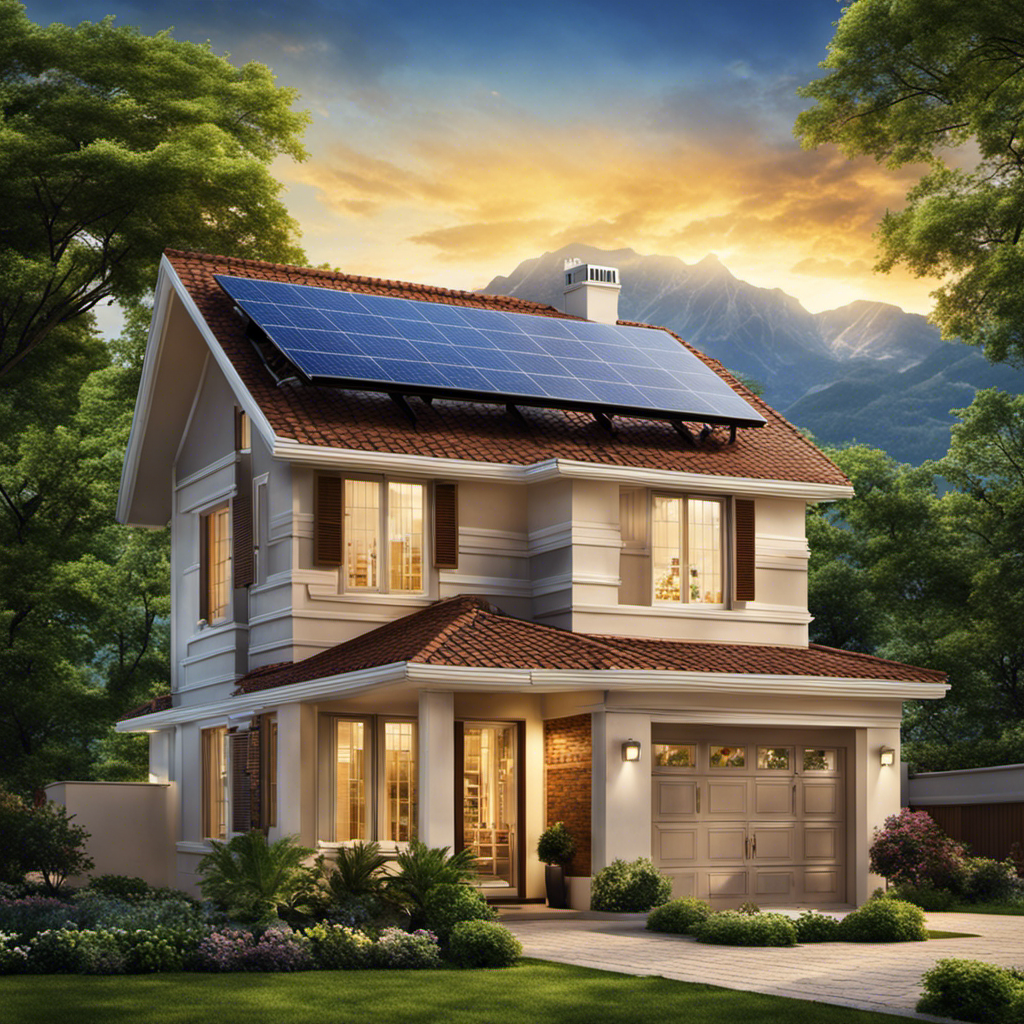 An image that vividly depicts the intricate transfer of energy from sunlight to a house, highlighting the pivotal role of inverters in converting DC power generated by solar panels into AC power for household consumption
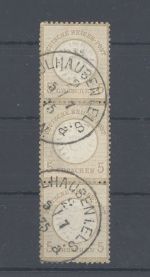 Dt. Reich Michel Nummer 22, 5 Groschen im gestempelten Dreierstreifen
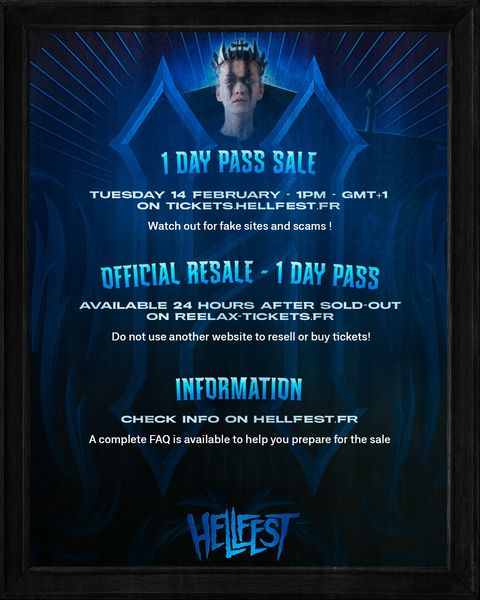 14/2/23; 2pm, Hellfest 1 day tickets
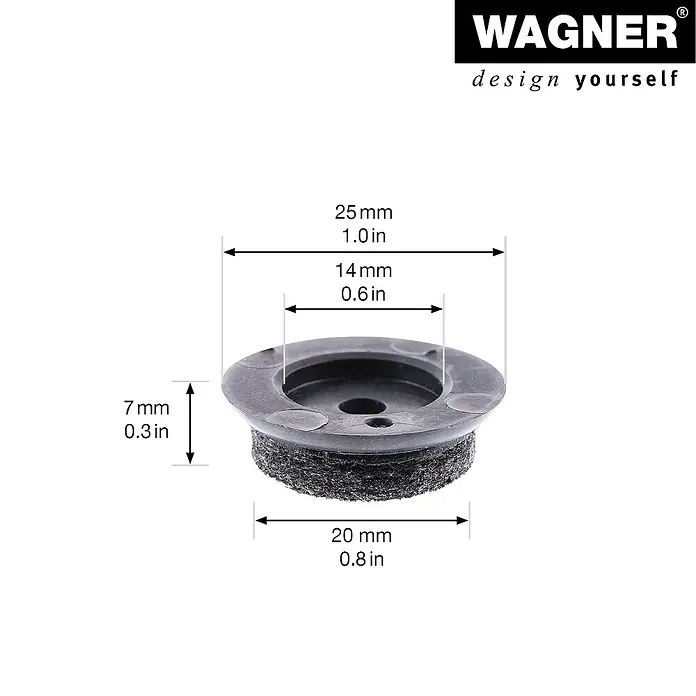 Wagner System Filzgleiter Ultrasoft Slim - Durchmesser: 25 mm, Schrauben, 4 Stk. - Detailaufnahme eines Möbelgleiters mit Maßen. Geeignet zum Schutz von Böden und zur Reduzierung von Geräuschen beim Bewegen von Möbeln.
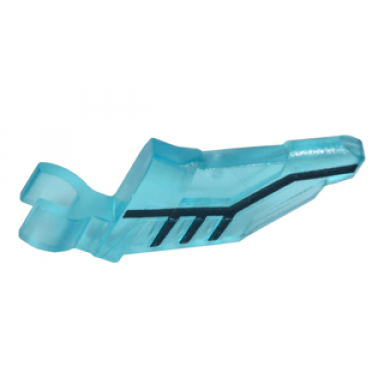 trans-light blue minifigure wing with clip and black lines pattern minifigure left side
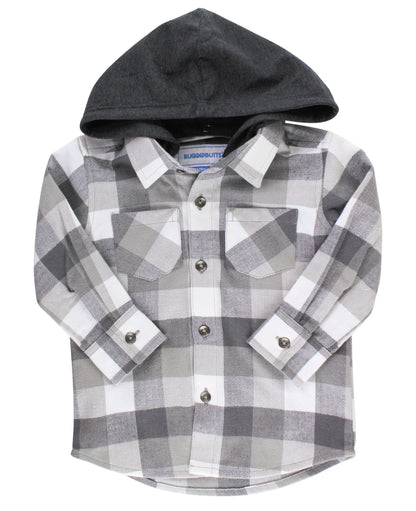 RuggedButts Smoky Gray Plaid Hooded Button Down Shirt
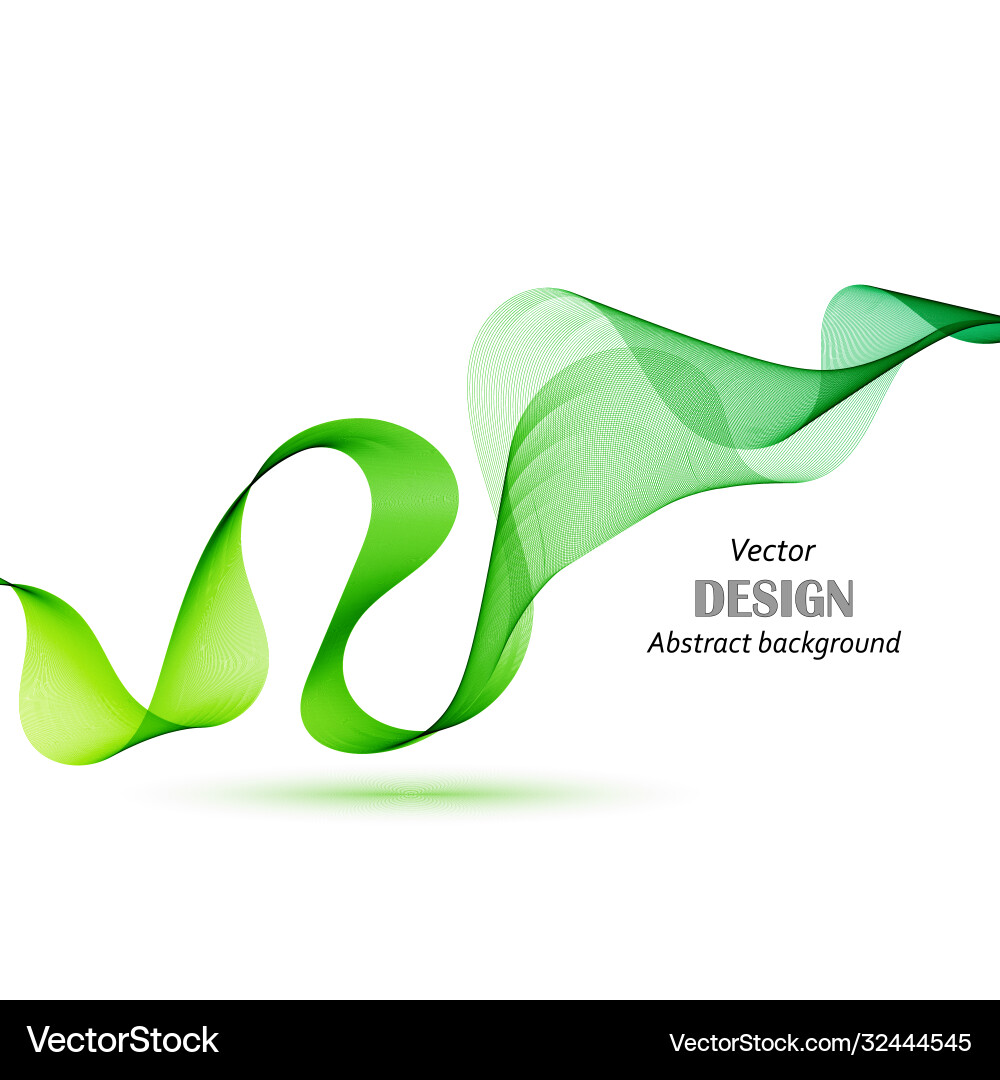 Green design element gradient wave line isolated Green design element gradient wave line isolated vector image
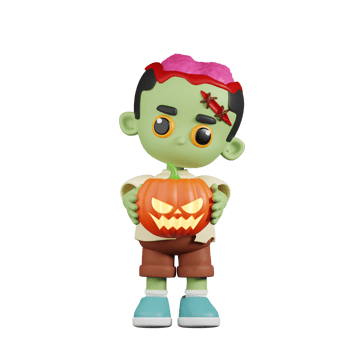 3d Character Zombie Holding Halloween Pumpkin Pose. 3d render isolated on transparent backdrop. png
◆ ◆ ◆ ◆
• [Exercise brief]: What the answer must hold is the exact text of every line from the one containing "RuggedButts Smoky Gray" through the end of the data, minus any pictures.

• [The completed task]:
 RuggedButts Smoky Gray Plaid Hooded Button Down Shirt
 Green design element gradient wave line isolated Green design element gradient wave line isolated vector image
 3d Character Zombie Holding Halloween Pumpkin Pose. 3d render isolated on transparent backdrop. png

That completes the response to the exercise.